Pereira M A, Kriska A M, Day R D, Cauley J A, LaPorte R E, Kuller L H
Division of Epidemiology, University of Minnesota, Minneapolis 55454, USA.
Arch Intern Med. 1998;158(15):1695-701. doi: 10.1001/archinte.158.15.1695.
It is important to determine if permanent lifestyle changes may result from physical activity interventions and whether health may be affected by these changes.
To conduct a 10-year follow-up of physical activity and self-reported health status in participants of a randomized clinical trial of walking intervention.
Of the original 229 volunteer postmenopausal women who participated in the original clinical trial, 196 (N = 96 intervention and 100 controls) completed the 10-year follow-up telephone interview. The interview protocol included questions on self-reported walking for exercise and purposes other than exercise, the Paffenbarger sport and exercise index, functional status, and various chronic diseases and conditions.
The median values for both usual walking for exercise and total walking were significantly higher for walkers compared with controls (for both, P = .01), with median differences of 706 and 420 kcal/wk, respectively. After excluding women who reported heart disease during the original trial, 2 women in the walking group (2%) and 11 women in the control group (12%) reported physician-diagnosed heart disease over the last 10 years (P = .07). There were also fewer hospitalizations, surgeries, and falls among women in the walking group, although these differences were not statistically significant (P>.05).
Although limited by self-report, this study may be the first to demonstrate long-term exercise compliance to a randomized control trial in older women and to suggest that health benefits may have ensued as a result of these increased activity levels.

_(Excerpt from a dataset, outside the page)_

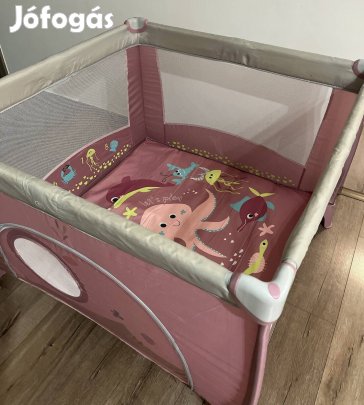 Baby design utazó járóka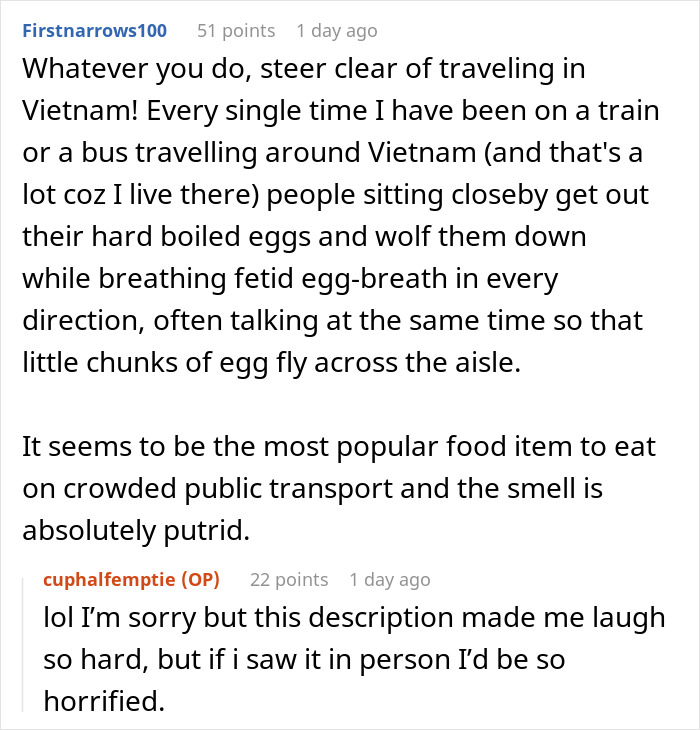 Egg Salad-Eater Stinks Up Plane, Still Complains About Passenger’s Soft White Noise Sounds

确定体力活动干预是否会导致永久性的生活方式改变以及这些改变是否会影响健康非常重要。
对一项步行干预随机临床试验的参与者进行为期10年的体力活动和自我报告健康状况随访。
在最初参与临床试验的229名绝经后志愿者女性中,196人(N = 96名干预组和100名对照组)完成了为期10年的随访电话访谈。访谈协议包括关于自我报告的锻炼性步行和非锻炼目的步行、帕芬巴格运动和锻炼指数、功能状态以及各种慢性疾病和状况的问题。
与对照组相比,步行者的锻炼性日常步行和总步行的中位数均显著更高(两者P = 0.01),中位数差异分别为706和420千卡/周。在排除最初试验期间报告患有心脏病的女性后,步行组有2名女性(2%),对照组有11名女性(12%)在过去10年中报告患有医生诊断的心脏病(P = .07)。步行组女性的住院、手术和跌倒次数也较少,尽管这些差异无统计学意义(P>0.05)。
尽管本研究受自我报告的限制,但它可能是首个证明老年女性对随机对照试验长期运动依从性的研究,并表明这些增加的活动水平可能带来了健康益处。